Lettere al Direttore Il Foglio 20.6.2015

Sospetti maliziosi sulla svolta ecologica del Vaticano. Cdp e metodo Renzi

1-Al direttore - Dalle foto diffuse in rete sembrerebbe che l’enciclica

ecologista sia stampata su carta: possibile?

Enrico Cavallini

E per non parlare delle copie mandate al macero per qualche errore che non ci doveva essere e che invece c’è stato. Ops.

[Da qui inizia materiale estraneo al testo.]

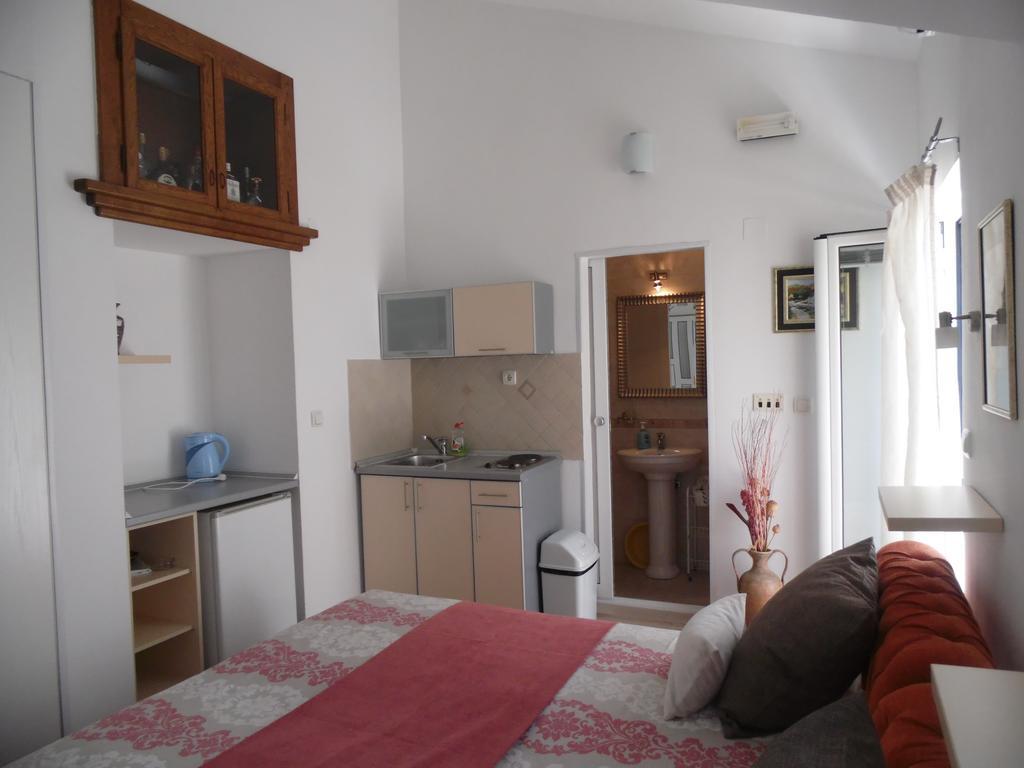 Apartments Slavica Jovanovic Sveti Stefan Ngoại thất bức ảnh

2-Al direttore - Nell’enciclica, il Papa chiede di non usare bicchieri di plastica e constata che “la terra sembra trasformarsi sempre più in un immenso deposito di immondizia”, ragione per cui sarebbe opportuno badare con più attenzione allo smaltimento dei rifiuti. Tutto vero. Io però, che abito a poca distanza dal Vaticano e di cassoni multicolor non ne vedo, suggerirei di iniziare la “svolta ecologica” proprio da lì, visto che lo staterello non fa la raccolta differenziata.

Cesare Prosdocimis

3-Al direttore - Una settimana fa si è concluso a Budapest – quella del muro di Orbán – il congresso del Partito socialista europeo (da adesso, dei socialisti e dei democratici). Qualcuno se ne è accorto? “Per un’Europa più tollerante e più inclusiva”, recita il titolo della risoluzione finale. Per la sua involontaria innocenza, è quasi comico. La verità è che il Pse è ormai soltanto un logo (sia pure con il suo quarto di nobiltà). Produce pure dei buoni documenti, ma che non riescono nemmeno a fare il solletico alla Merkel (che peraltro governa con l’Spd). Si è sentita la sua voce, o si è vista una sua iniziativa, sulla questione dei migranti? Insomma, il Pse somiglia sempre più a un ente inutile. Non dico che va sciolto, ma quanto meno ha bisogno di una bella rinfrescata.

Michele Magno

Il vero problema, il vero tema, è che in Europa l’unico paese nel quale c’è un dibattito forte tra il partito dell’accoglienza totale e il partito dell’accoglienza parziale è l’Italia. Le sinistre, in Europa, da Zapatero a Hollande passando per Valls e prima ancora Blair non hanno mai avuto negli ultimi tempi posizioni così diverse dalle destre. E’ un tema. Ci torneremo.

4-Al direttore - Ha ragione il ministro Padoan,  se non altro in senso tecnico nel sostenere, a differenza di Christine Lagarde, che perché si arrivi al default della Grecia ce ne vuole. E concordo con Lei che la “vitanda” uscita della Grecia dall’euro sarebbe un danno più per quest’ultima che per l’Europa. Ma ciò sulle prime. Poi, anche se si dovesse ben fronteggiare l’effetto-contagio, l’impatto politico per l’Unione e per l’Eurozona sarebbe rilevante. Si dimostrerebbe “per facta concludentia” che l’euro non è irreversibile; sarebbe un’occasione d’oro per movimenti populistici e separatisti, l’uscita spingerebbe per un euro a due velocità o a geometria variabile, causerebbe anche possibile conseguenze geopolitiche (vedi i rapporti della Grecia con la Russia e con la Cina, nonché i rapporti euro-dollaro), a prescindere, poi, dal debito che ovviamente la Grecia non onorerebbe più. Sarebbe la tristissima scoperta della “terra incognita” di cui ha parlato Draghi e che Trichet considera una dimostrazione al mondo intero dell’incapacità dell’Europa di mantenere stabilità e promuovere la crescita. Quel che appare, comunque, grave è la quasi assenza del governo italiano in questa vicenda,  una delega implicita ad Angela Merkel e a François Hollande: si potrebbe sospettare che resti una sorta di convitato di pietra per non essere visto come chi parla  “pro domo sua”. Ma data la netta distinzione delle due situazioni (greca e italiana) è evidente che l’afasia è un inaccettabile deficit politico. Con i più cordiali saluti.

Angelo De Mattia

La Grecia non uscirà. Il dracma dell’Europa è rinviato. Almeno per ora.

5-Al direttore - Leggo che il governo ha comunicato al presidente della Cdp Franco Bassanini, che ora a quanto pare andrà a Palazzo Chigi come consigliere sulla banda larga, la decisione di sostituirlo dai vertici della Cassa depositi e prestiti con il banchiere Claudio Costamagna. Non le sembra che il governo abbia gestito questa partita con un po’ troppa spregiudicatezza e sufficienza?

Marco Polini

Partita gestita in modo spregiudicato, ma più che le questioni di merito (Renzi voleva qualcuno in grado di trasformare la Cdp nel fondo sovrano del governo) qui è interessante approfondire le questioni di metodo. Quando Renzi decide di mandare via qualcuno prima la fa sparare grossa, vede l’effetto che fa e poi media. Da Lupi a Bassanini passando per Marino la storia è sempre la stessa. Ci torneremo.